Western Australia’s grain freight debate has become oddly unhinged.
We talk endlessly about road damage, truck numbers, safety, emissions and who should pay. Rail tragics insist that reopening Tier 3 lines will solve all our problems. Road realists respond that we should simply widen and upgrade roads to allow triples.
Yet the one thing farmers and road users actually need to have a rational debate about is largely absent: a clear, public, apples-to-apples understanding of what it really costs to upgrade rail versus building bigger, wider roads.
When it comes to rail, we are driving blind.
There is no shortage of analysis supporting road investment. Detailed business cases, benefit-cost ratios, pavement life models and safety studies are produced as a matter of course by Main Roads – though many remain conveniently out of public view.
By contrast, when rail enters the conversation – particularly Tier 3 branch lines – the State has largely washed its hands of the network since privatisation. It now appears to have only a limited understanding of what it would actually cost to upgrade Tier 1, 2 and 3 lines.
Worse, the details of the Brookfield lease and maintenance schedules remain locked away behind the shield of “commercial-in-confidence”.
Neither approach helps the public understand the true cost-benefit of rail versus road.

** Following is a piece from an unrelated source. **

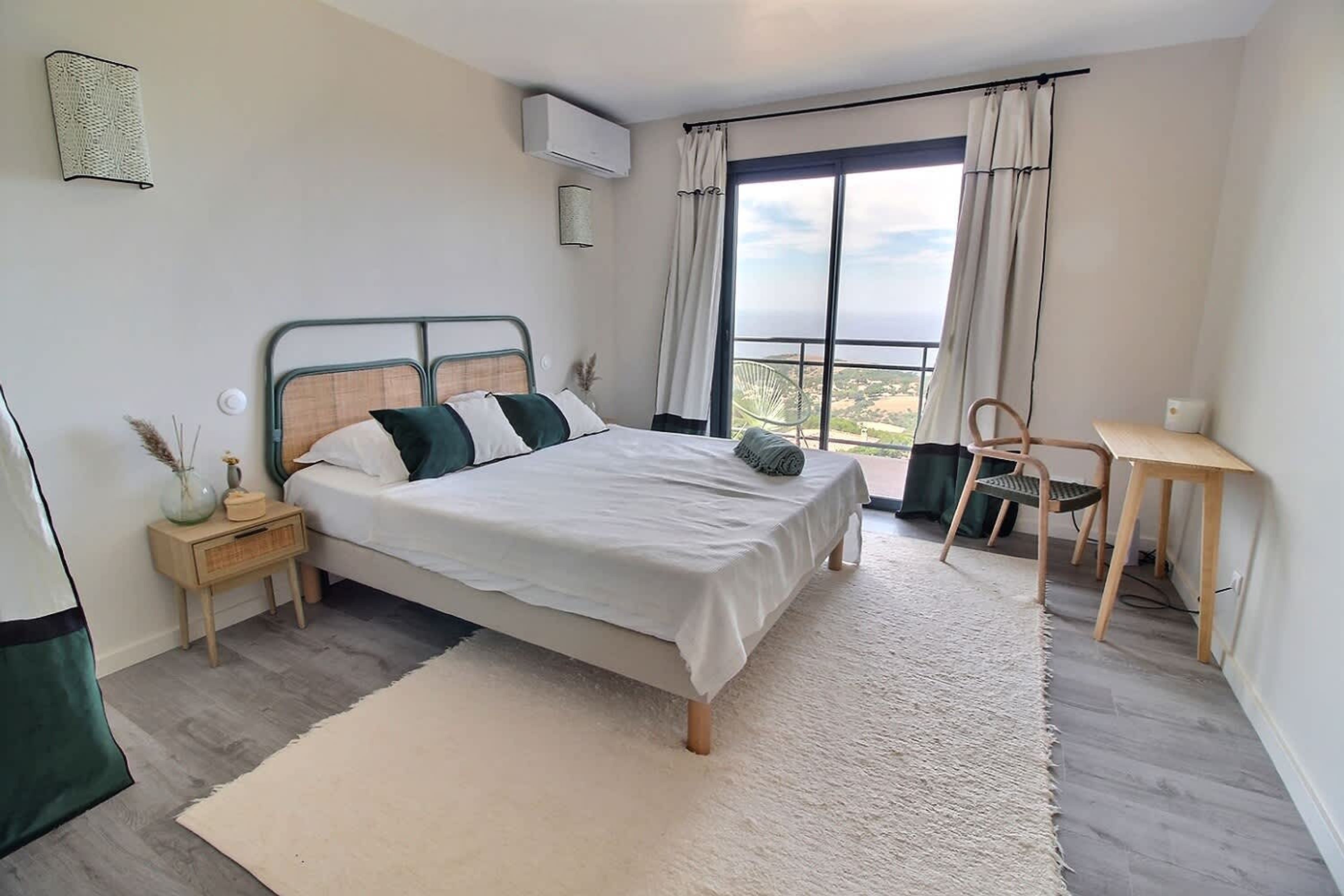 別墅 | 5 間臥室、網路服務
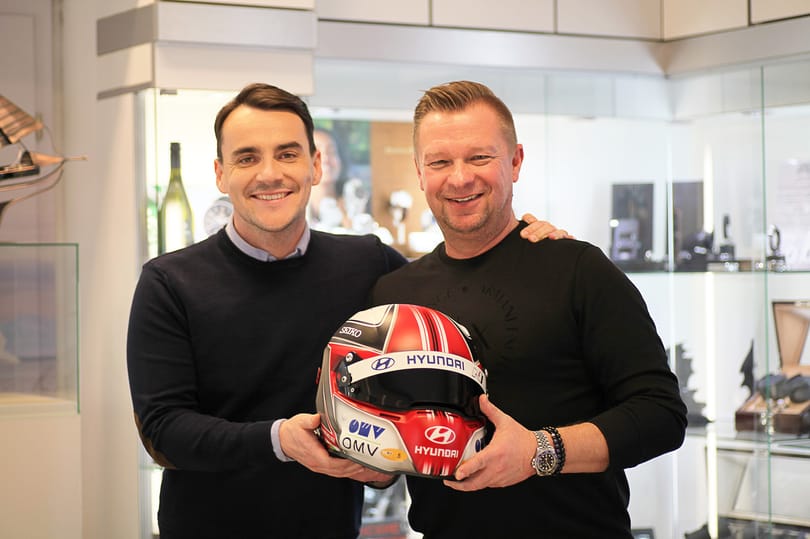 1,3 millió forint jut az SMA-beteg kisfiúhoz Michelisz Norbert sisakjának árverése után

That is not good enough for farmers, who fund grain freight infrastructure through CBH levies, taxes and access charges, nor for regional road users who are asked to absorb heavier trucks on networks never designed for them.
As the State government reviews the future of the Brookfield rail lease, there is an obvious and overdue step to take.
Government should publish a comprehensive study that consolidates existing state, national and international evidence on the cost of rail construction, renewal and upgrade.
At the same time, it should open the books on the real cost of upgrading the various parts of our 5,000km rail network along with the 5,000km of key grain freight roads.
Until this happens, the debate will remain driven by gut feel, slogans and selective numbers rather than evidence.
A central problem is that the term “rail cost” is used to describe fundamentally different scopes of work.
At one end is mechanised track renewal on an existing formation – replacing sleepers and rail, refreshing ballast, tamping and regulating.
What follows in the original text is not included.